┌─ DATA RECORDS

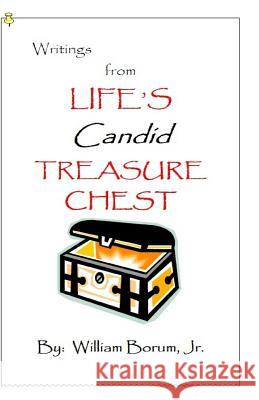 Writings From Life's Candid Treasure Chest Borum Jr, William 9780997503746 William Borum, Jr.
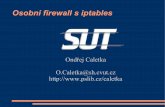 Osobní firewall s iptables - xn--ondej-kcb.caletka.czřej.caletka.cz/dl/slidy/20060511-SUT-IPtables.pdf · Port forwarding iptables -t nat -A PREROUTING -p tcp –-dport 10022 \-j
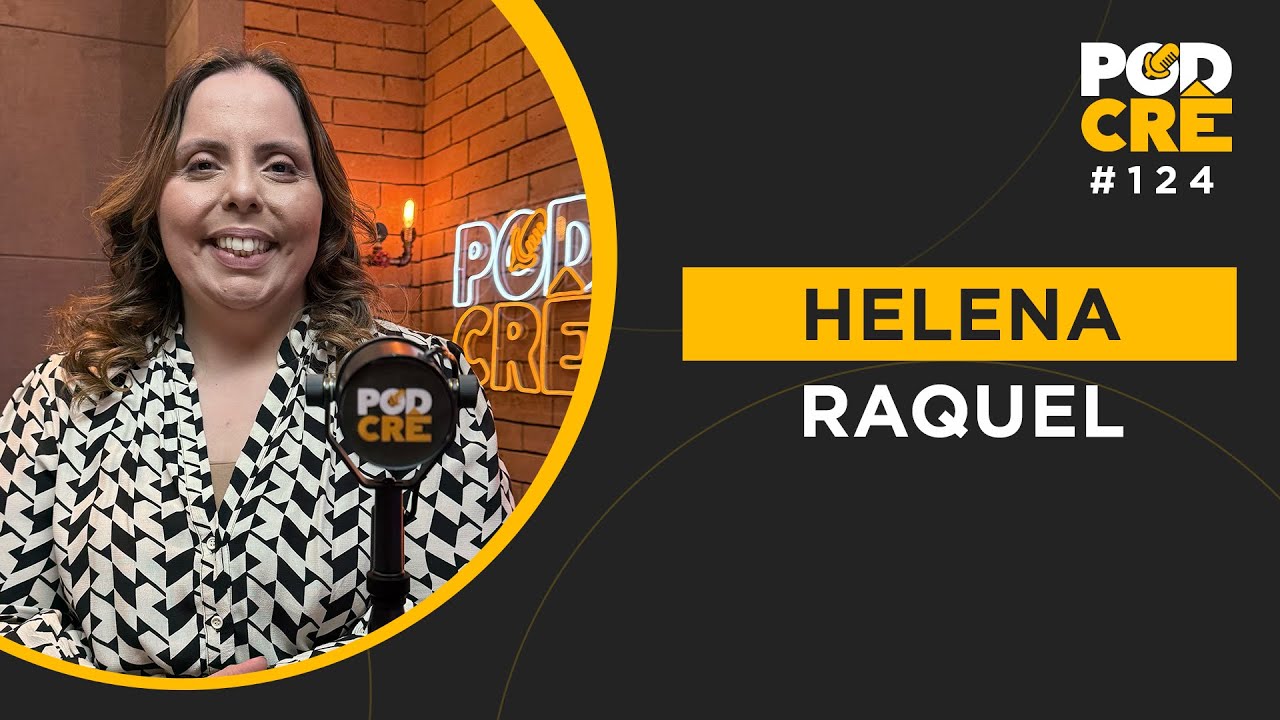 PASTORA HELENA RAQUEL | PODCRÊ #124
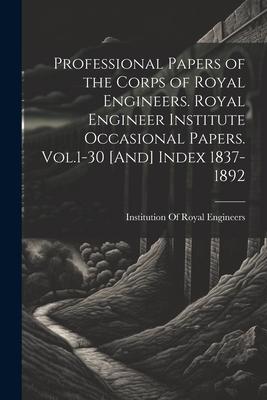 Professional Papers of the Corps of Royal Engineers. Royal Engineer Institute Occasional Papers. Vol.1-30 [And] Index 1837-1892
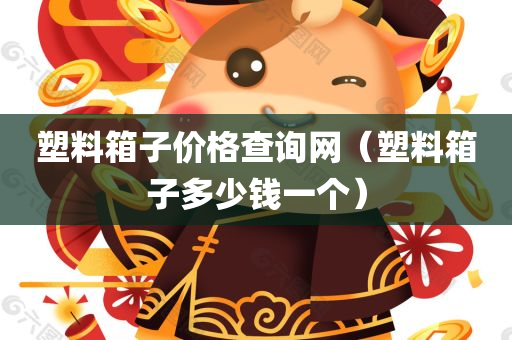 塑料箱子价格查询网（塑料箱子多少钱一个）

└─

● **WORK TO COMPLETE**
From the line that contains "Professional Papers of" down to the final line of the entries above, please copy each line exactly, excluding pictures.

● **EXERCISE SOLUTION**
 Professional Papers of the Corps of Royal Engineers. Royal Engineer Institute Occasional Papers. Vol.1-30 [And] Index 1837-1892
 塑料箱子价格查询网（塑料箱子多少钱一个）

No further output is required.